Discovery of a universal energy-hardness correlation in merger-driven LGRBs

Shared properties are unlikely due to low-redshift selection effects

Distinct from correlations in short-duration and collapse-driven GRBs

Abstract

The recent detections of bright optical/infrared kilonova signals following two long-duration gamma-ray bursts (LGRBs), GRB 211211A and GRB 230307A, have significantly challenged the traditional classification of GRBs. These merger-driven LGRBs may represent a distinct GRB population. Since traditional GRB classification methods often struggle to distinguish merger-driven LGRBs from traditional merger-driven short-duration GRBs resulting from compact object mergers and collapse-driven LGRBs produced by massive stars, this work aims to explore the shared properties in terms of hardness, energy, and duration among currently observed merger-driven LGRB events, thereby identifying their observed differences from the traditional GRB population. We collect a sample of merger-driven LGRBs with known redshifts, including observed information on their main emission (ME) and whole emission (WE) phases. Treating ME and WE properties as two independent sets of information, we apply several GRB classification methodologies to explore their potential shared properties. Using the phenomenologically defined Energy-Hardness (EH) parameter, we identify a probable universal linear correlation across merger-driven LGRBs, regardless of whether their ME or WE phases are considered.
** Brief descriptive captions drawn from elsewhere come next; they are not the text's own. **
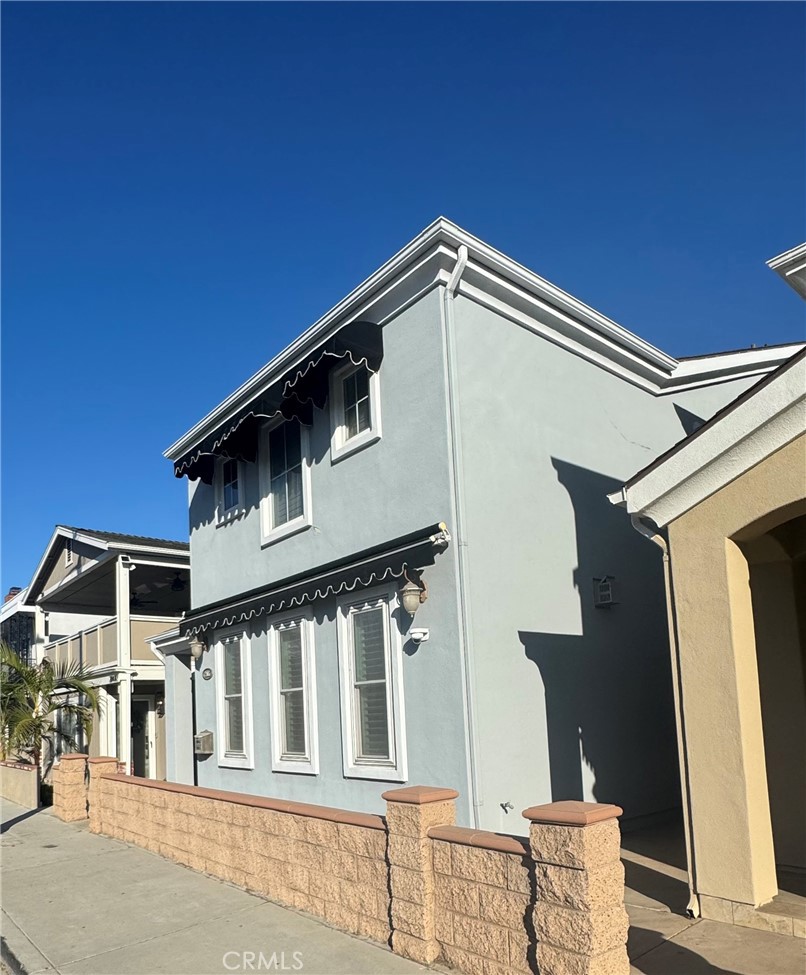 206 E Balboa Boulevard | Similar Property Thumbnail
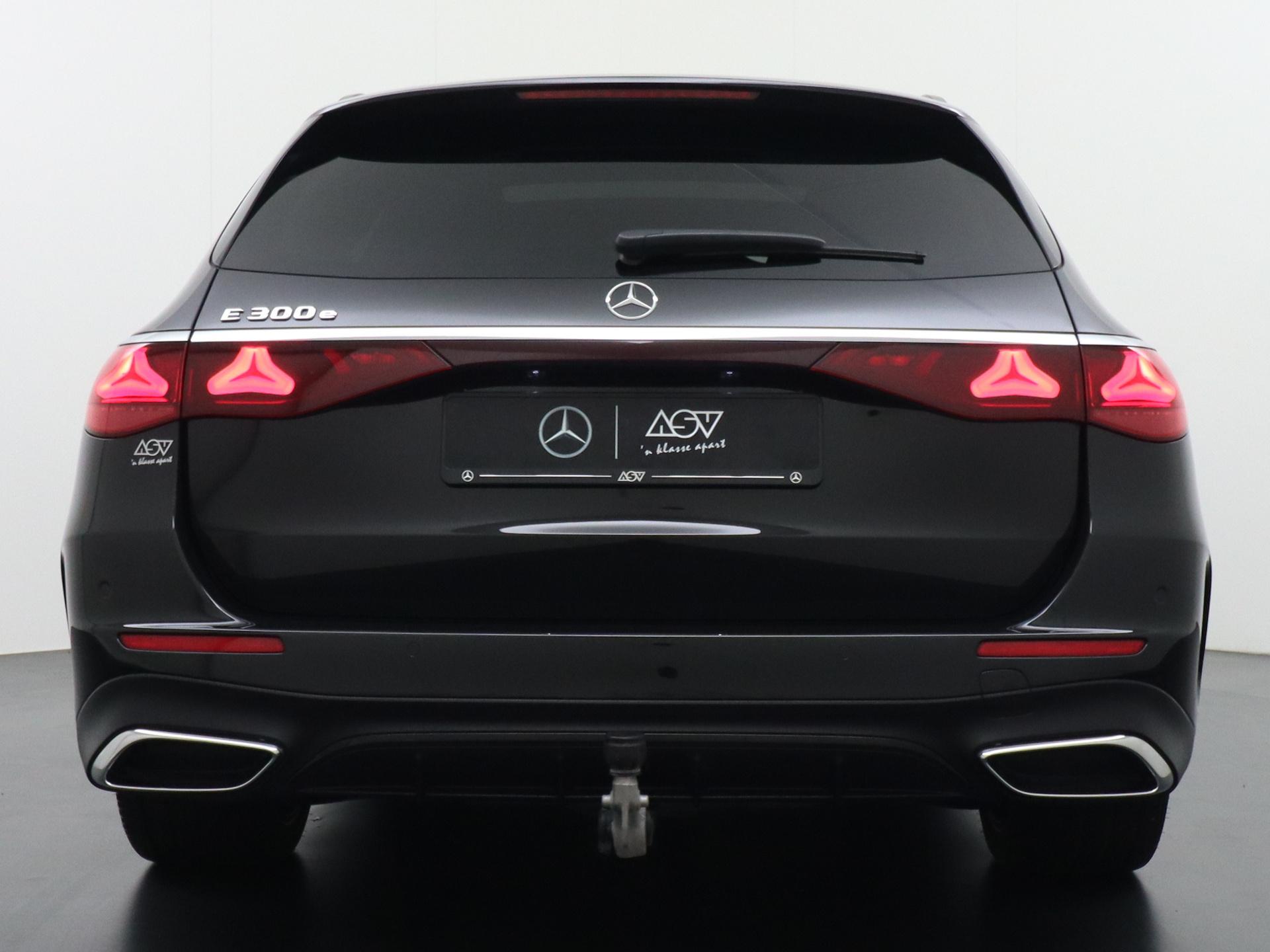 Mercedes-Benz E-Klasse Estate 300 e AMG Line 5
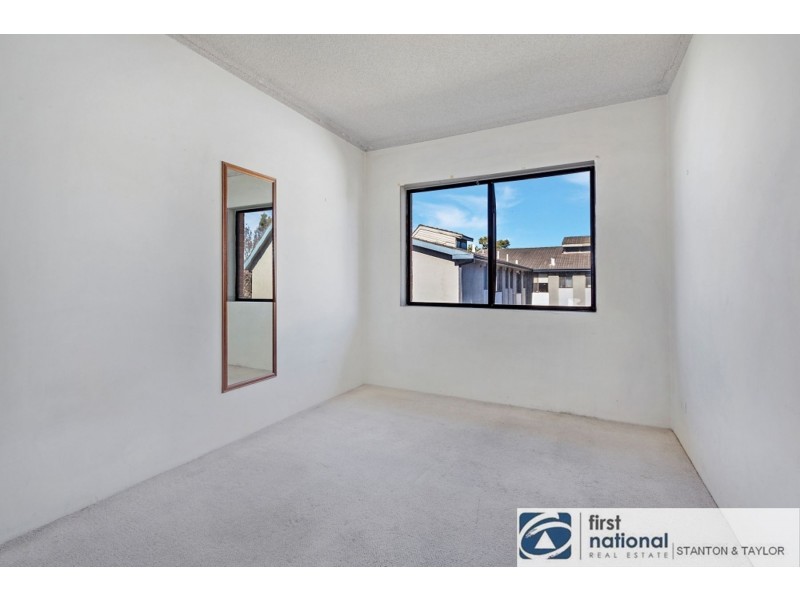 16/17a York Road, Jamisontown NSW 2750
We propose that such shared properties of merger-driven LGRBs are unlikely to arise from the low-redshift selection effect and they become particularly intriguing when compared with the relatively weak correlations or lack of correlation observed in traditional merger-driven short-duration GRBs (with or without extended emissions) and collapse-driven LGRBs. Our newly proposed correlation highlights the necessity for further investigation into the observations of merger-driven LGRBs and the physical mechanisms underlying the empirical correlation.